# Goal is to find prompt that does not directly tell valid moves but is reliably inferred

### fill .env file with ANTHROPIC_API_KEY=sk_
### for Colab, upload .env to Google Colab in Files

In [1]:
!pip install -q python-dotenv
import os
from dotenv import load_dotenv
load_dotenv()

# print(os.environ['ANTHROPIC_API_KEY'])
!pip install -q anthropic
import anthropic

import time

In [2]:
import random
import re
import ast
import copy

class NoughtsAndCrosses:
    def __init__(self, agent1, agent2, first_player=None, board=None):
        self.agent1 = agent1
        self.agent2 = agent2
        self.n = 3
        self.first_player = first_player
        self.board = board
        self.reset()

    def print_field(self):
        for row in self.board:
            print("|".join(row))
            print("-" * 5)

    def reset(self):
        if self.board is None:
            self.board = [[str(i + j * self.n + 1) for i in range(self.n)] for j in range(self.n)]
        if self.first_player is None:
            self.current_player = "X"
        else:
            self.current_player = self.first_player

    def is_winner(self, player):
        for i in range(self.n):
            if all([cell == player for cell in self.board[i]]) or all([self.board[j][i] == player for j in range(self.n)]):
                return True
        if all([self.board[i][i] == player for i in range(3)]) or all([self.board[i][2 - i] == player for i in range(self.n)]):
            return True
        return False

    def is_board_full(self):
        return all(all(cell in ['X', 'O'] for cell in row) for row in self.board)

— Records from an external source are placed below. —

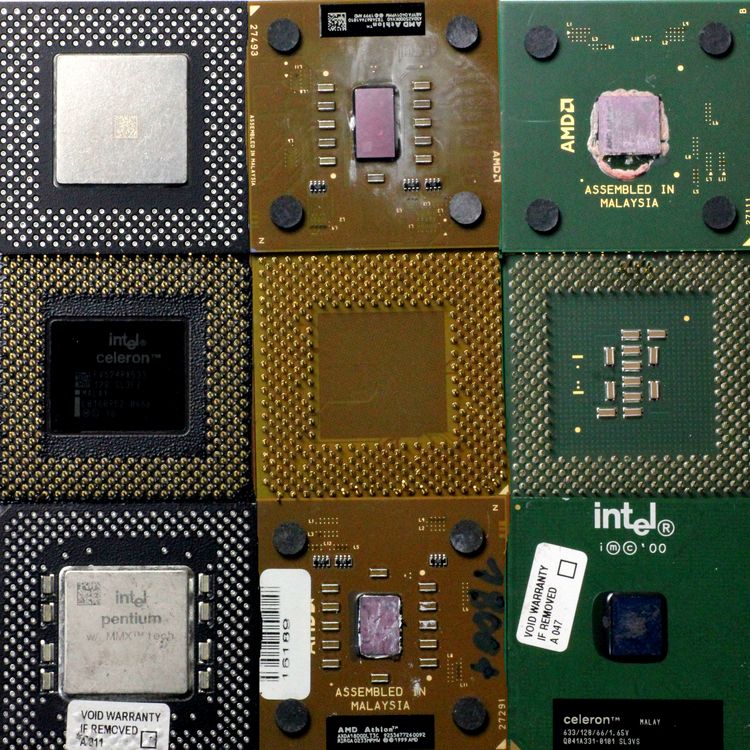 CPU Prozessor Plastik. Computerprozessoren mit vergoldeten Kontakten. Ohne Kühlkörper oder Kühlplatten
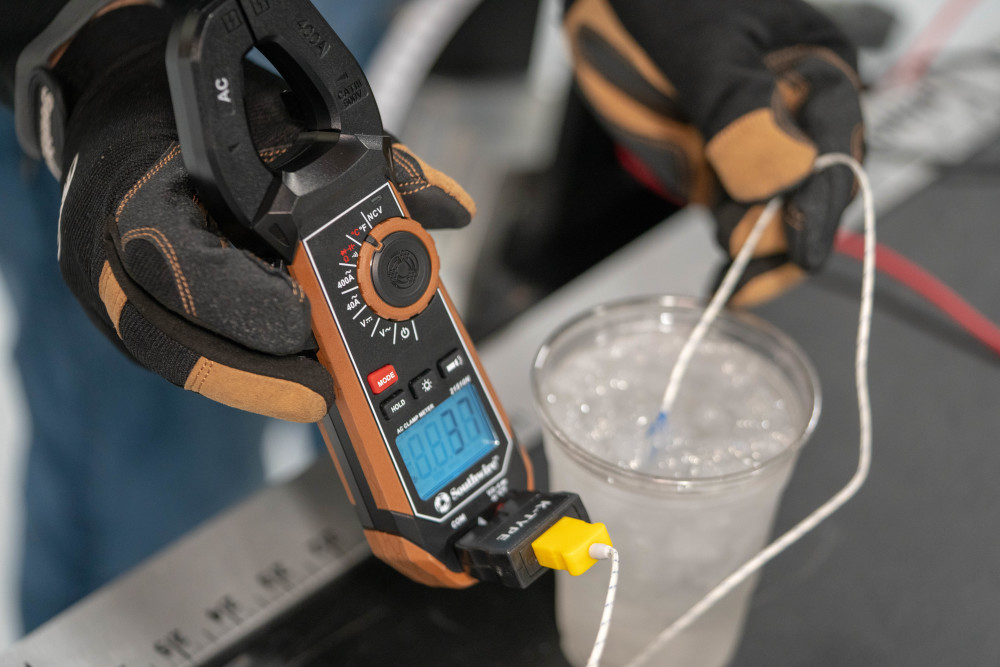 Southwire AC Clamp Meter with Built-In NCV Worklight - Ascmtools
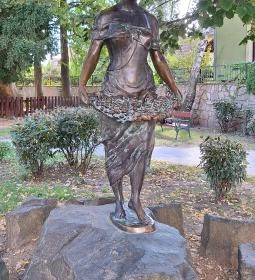 Szőlőt szedő lány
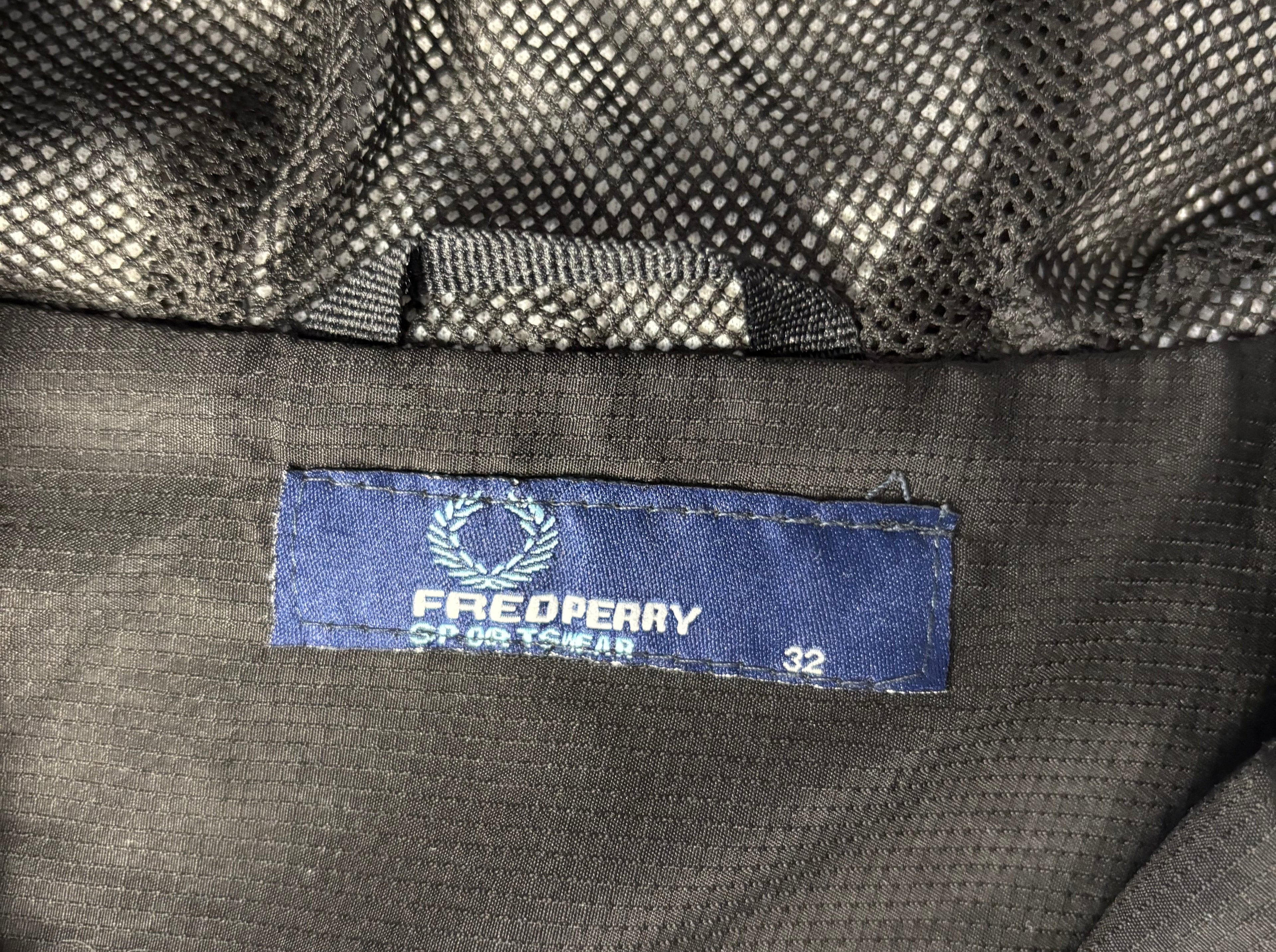 Fred Perry Regenjacke(XS)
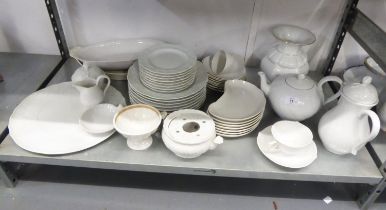 GOOD SELECTION OF WHITE GLAZED TEA AND DINNER WARES TO INCLUDE A HUTSCHENREUTHER OF GERMANY 'FORM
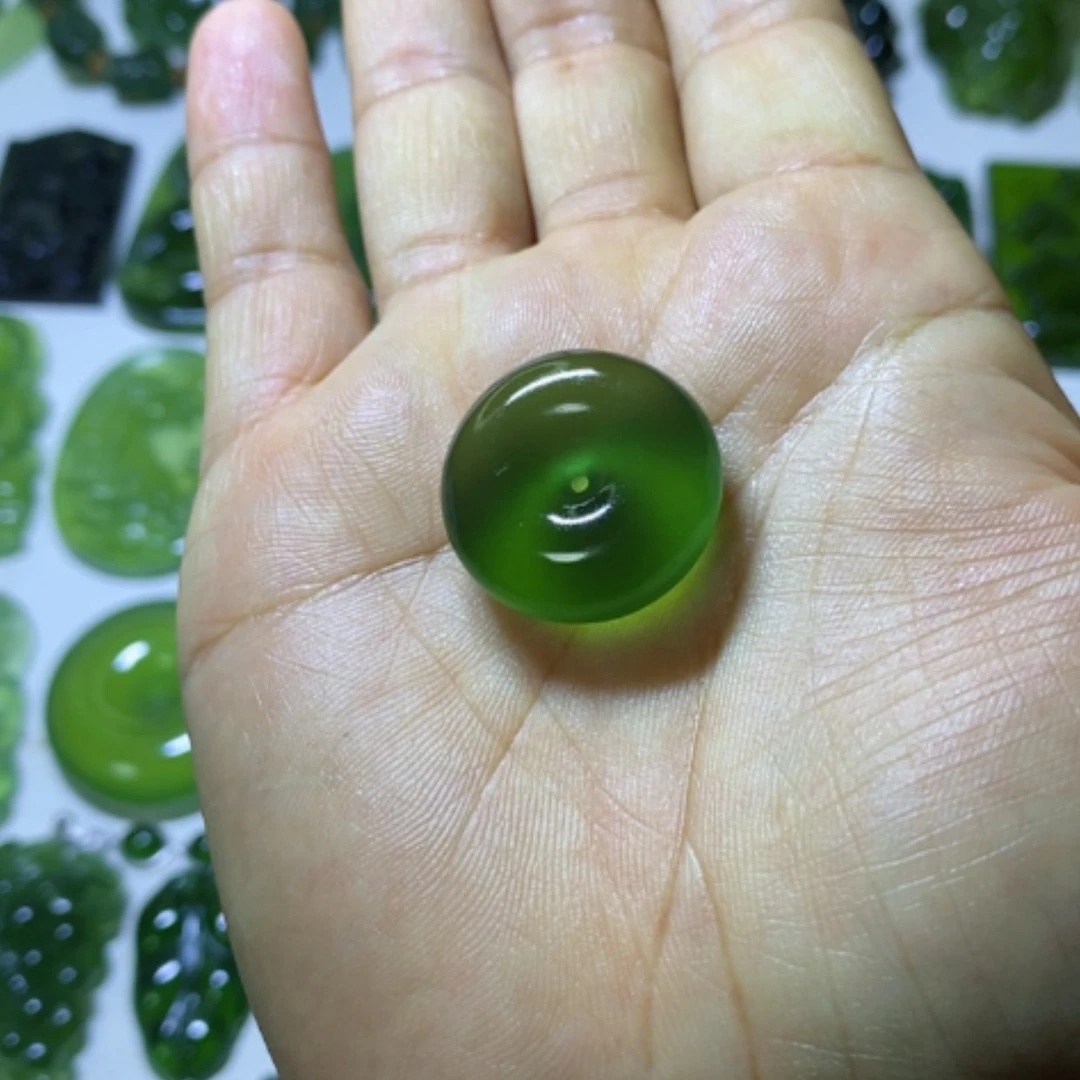 【闪购商品】未镶嵌蛇纹石玉颈饰任*行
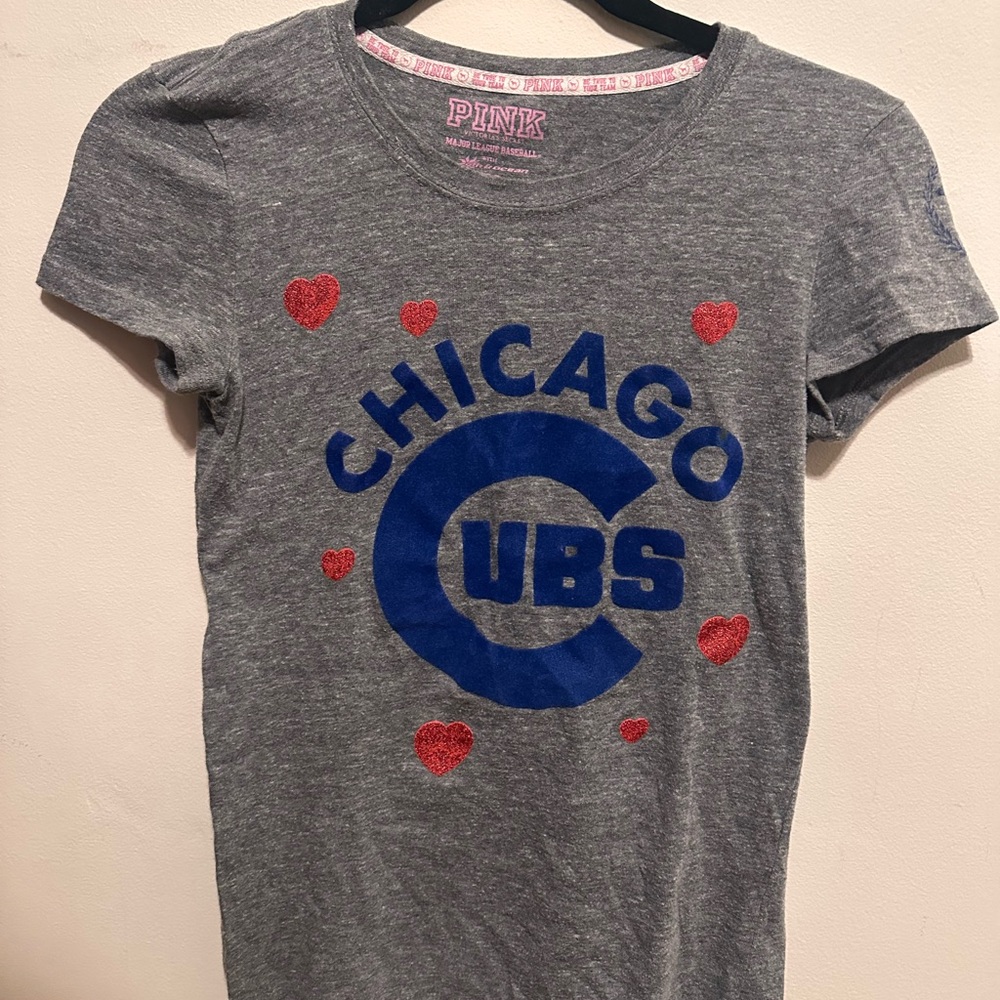 PINK Victoria's Secret Gray Chicago Cubs Tee X-Small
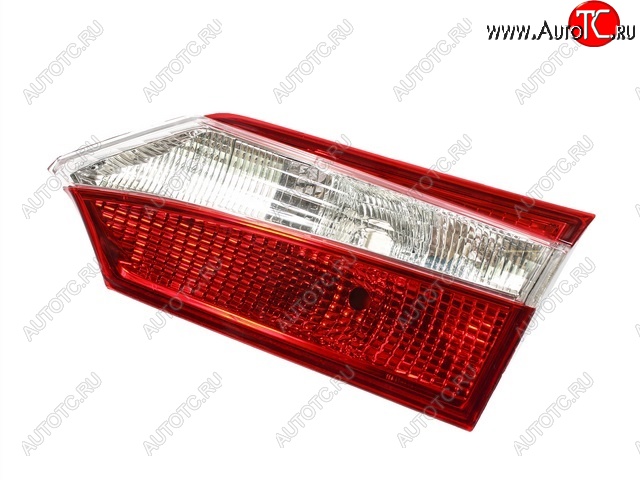 2 399 р. Фонарь задний внутренний BRIGHTROAD (правый) Toyota Corolla E180 дорестайлинг (2013-2016)  с доставкой в г. Пермь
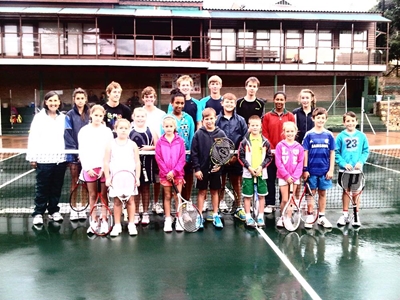 Tennisspelers baat by oefenkamp
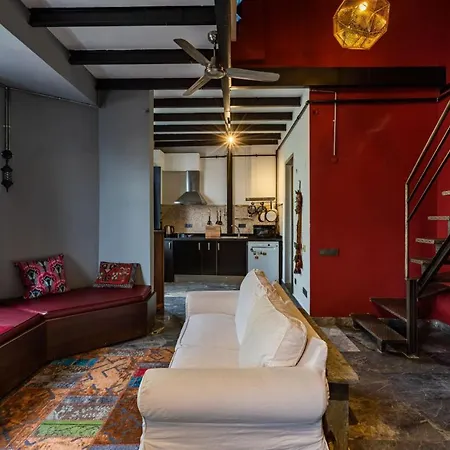 Dreamy Duplex Flat With Terrace Near Galata Tower 아파트 *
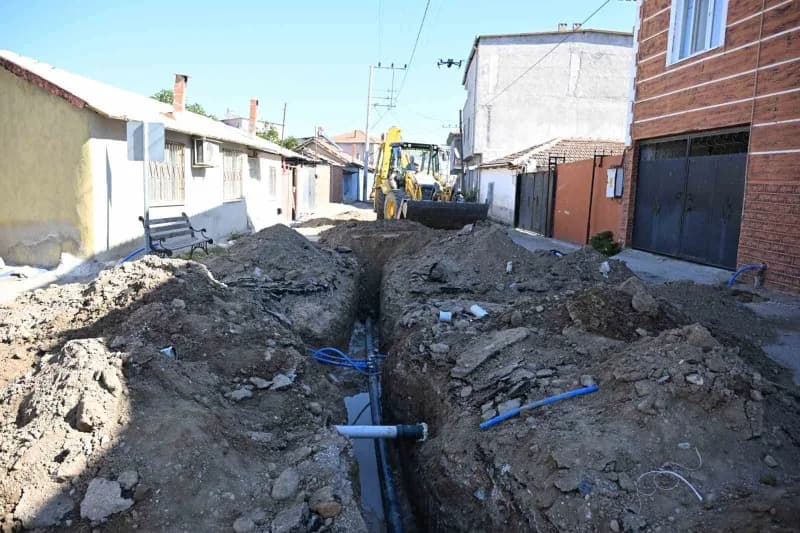 Manisa Büyükşehir Belediyesi ve MASKİ Genel Müdürlüğü, Şehzadeler ilçesine bağlı Yeşilköy Mahallesi’nde yaklaşık 40 yıld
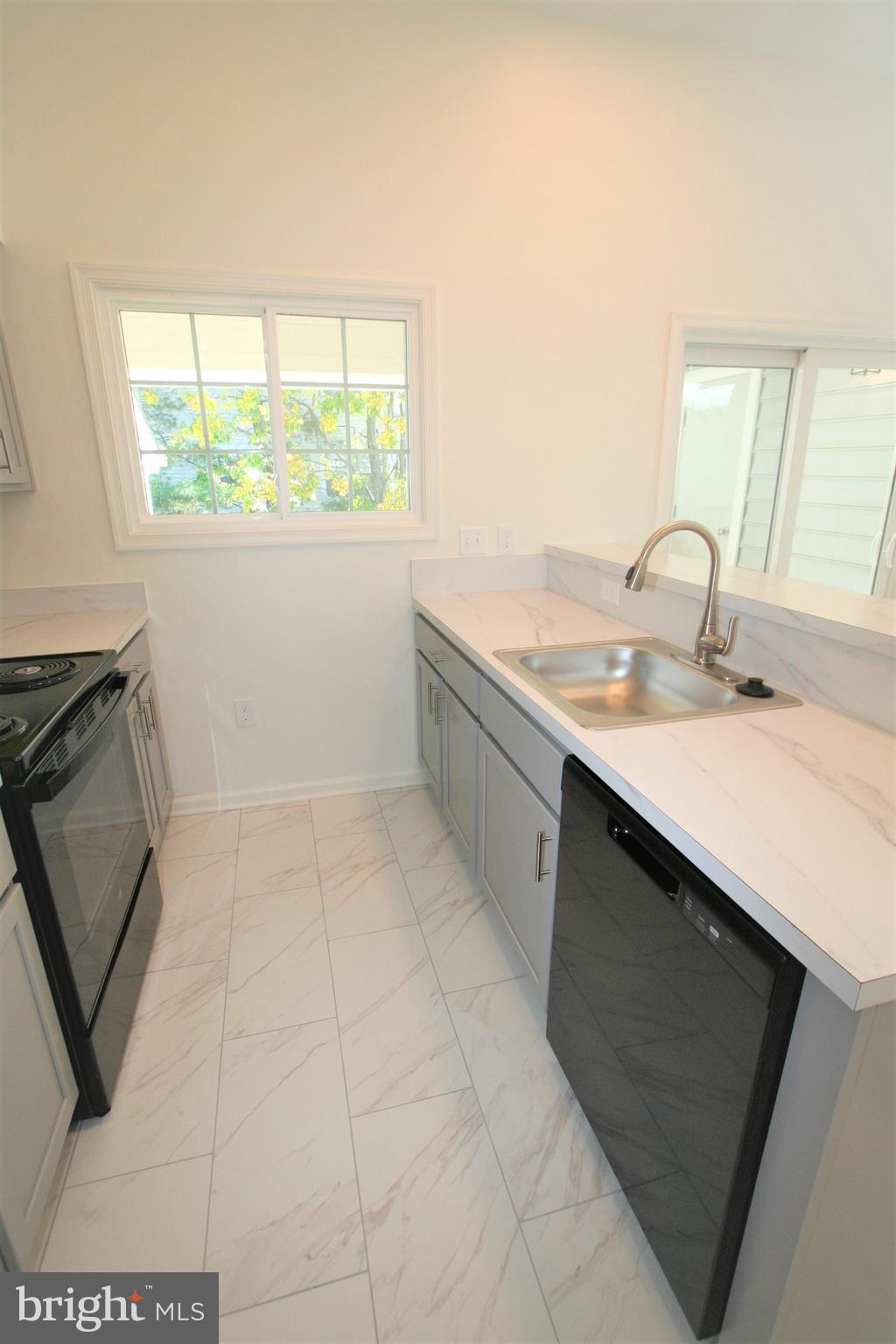 BRIDGEPORT CONDO PHASE 2 - Residential Lease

    def make_move(self, row, col):
        if self.board[row][col] not in ['X', 'O']:
            self.board[row][col] = self.current_player
            return True
        return False

    def switch_player(self):
        self.current_player = "O" if self.current_player == "X" else "X"

    def start_game(self):
        steps = 0
        while True:
            self.print_field()
            if self.current_player == "X":
                agent = self.agent1
            else:
                agent = self.agent2

            position = agent.make_move(self.board, self.current_player)
            row = (position - 1) // self.n  # Integer division to find the row
            col = (position - 1) % self.n   # Modulus to find the column

            result = None
            if self.make_move(row, col):
                if self.is_winner(self.current_player):
                    self.print_field()
                    print(f"Player {self.current_player} wins!")
                    result = self.current_player
                    break
                elif self.is_board_full():
                    self.print_field()
                    print("It's a draw!")
                    result = 'D'
                    break
                self.switch_player()
            else:
                # print("Invalid move, try again.")
                other_player = 'X' if self.current_player == 'O' else 'O'
                if self.is_board_full():
                    assert position == 0, "position was invalid: %s" % position
                    result = 'D'
                elif self.is_winner(self.current_player):
                    assert position == 0, "position was invalid: %s" % position
                    result = self.current_player
                elif self.is_winner(other_player):
                    assert position == 0, "position was invalid: %s" % position
                    result = other_player
                else:
                    raise ValueError("invalid move: %s" % position)
                break
            steps += 1
        self.reset()
        return result, steps

    @staticmethod
    def random_fill_board(num_entries):
        n = 3
        count = 0
        board = [['1', '2', '3'], ['4', '5', '6'], ['7', '8', '9']]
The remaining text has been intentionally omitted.